» **Activity**:
Below are entries. Give back exactly the lines from the one containing "forcella anteriore, pinza tripla" through the one containing "内嵌式rk3568工控机", inclusive, without the pictures.

» **Provided records**:

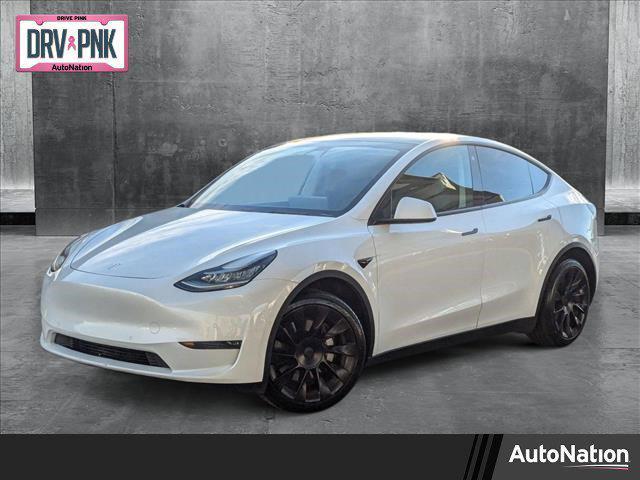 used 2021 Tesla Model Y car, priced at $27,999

--

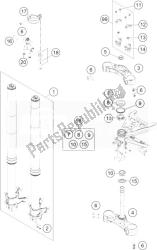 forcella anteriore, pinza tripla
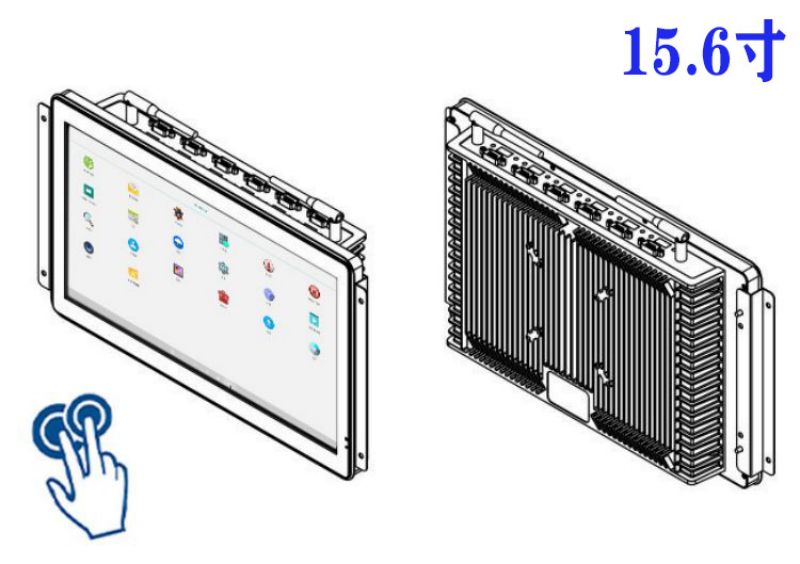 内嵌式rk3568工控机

==

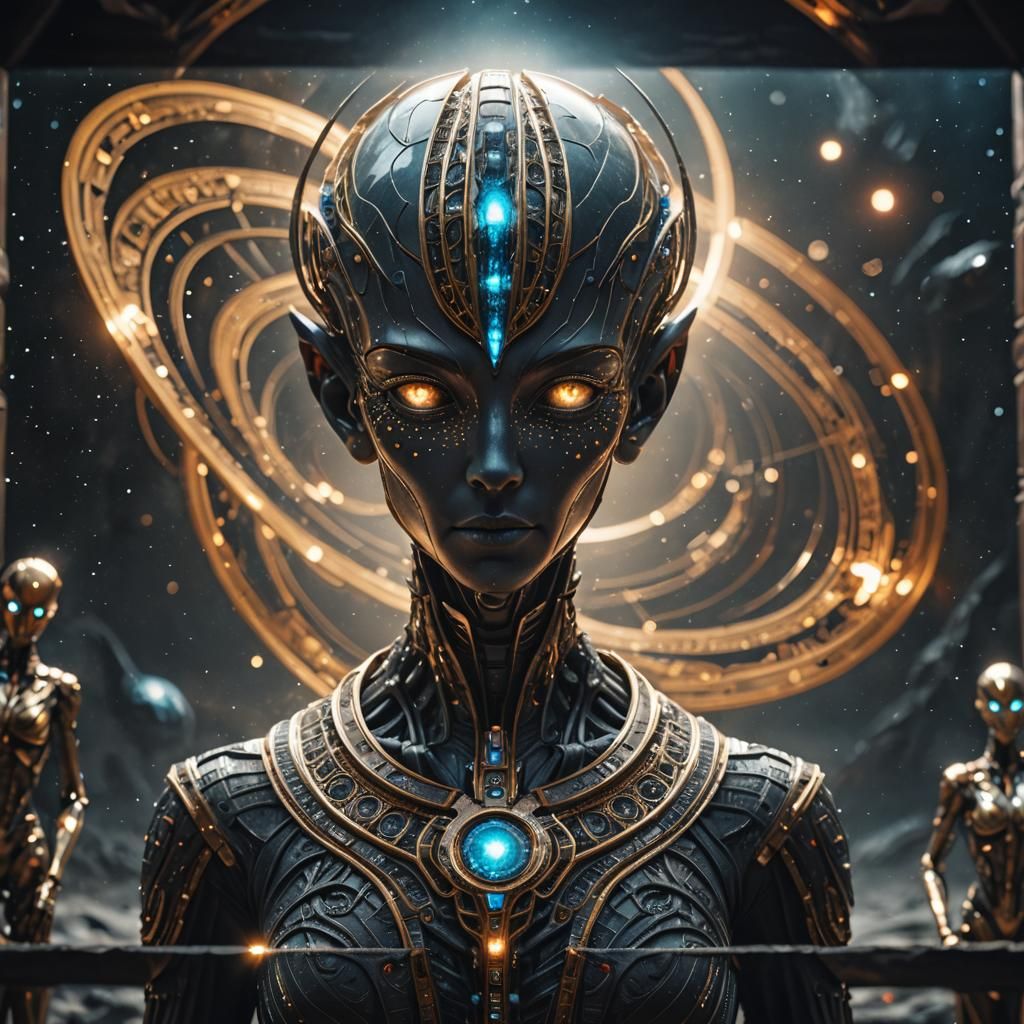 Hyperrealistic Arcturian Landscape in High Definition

» **Completed task**:
 forcella anteriore, pinza tripla
 内嵌式rk3568工控机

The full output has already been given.